Merupakan keadilan Allah bahwa Dia memberi setiap manusia waktu 24 jam sehari. Rasulullah Muhammad, punya waktu 24 jam sehari. Abrahah juga punya waktu 24 jam sehari. Umar bin Al-Khattab dan Abu Jahal, juga masing-masing punya waktu 24 jam sehari. Yang membedakan biasanya adalah hasil yang tercipta dari 24 jam itu.
Ada yang telah berbuat banyak, ada juga yang tidak menghasilkan apa-apa. Bahkan dari waktu sedurasi itu ada yang masuk surga, ada juga yang masuk neraka.
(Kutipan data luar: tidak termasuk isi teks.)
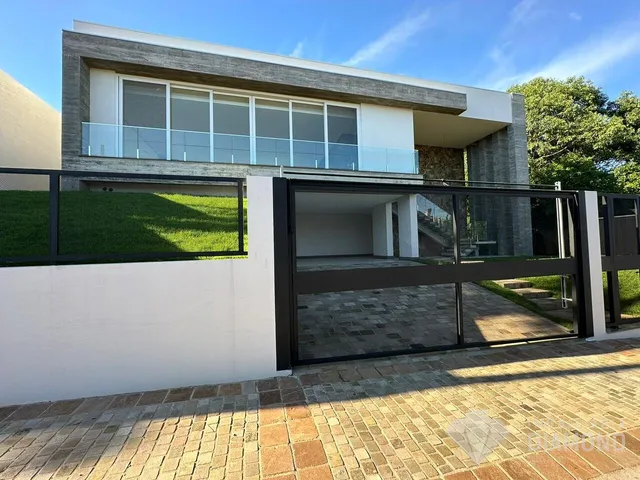 Casa com 3 dormitórios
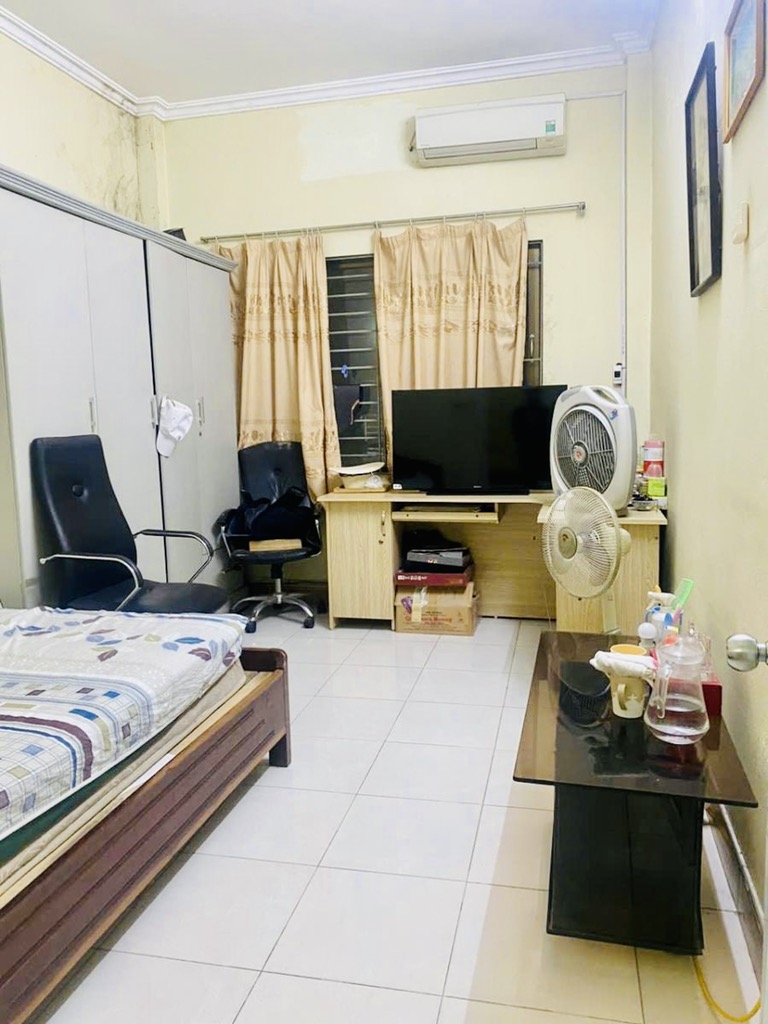 Bán nhà Văn Chương - diện tích 46m2 4 tầng - Mặt phố, vỉa hè kinh doanh sầm uất - giá 19,9 tỷ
Sekali lagi, yang membedakan adalah hasilnya.
Dari 24 jam itu, semestinya telah memiliki alokasi yang jelas. Ada waktu untuk Allah, ada waktu untuk keluarga, ada waktu untuk bekerja,ada waktu untuk rekreasi, ada waktu untuk sahabat, dan seterusnya.
Disinilah pentingnya keseimbangan dalam mengisinya. Tidak semua waktu dipakai untuk sujud dan ruku, karena manusia terdiri dari tiga unsur; akal, jasad, dan ruh, yang masing-masing mempunyai kebutuhan. Kebutuhan akal adalah tadabur, membaca, dan menganalisa. Kebutuhan jasad adalah makanan, minuman, dan istirahat. Sedangkan kebutuhan ruh adalah amal saleh.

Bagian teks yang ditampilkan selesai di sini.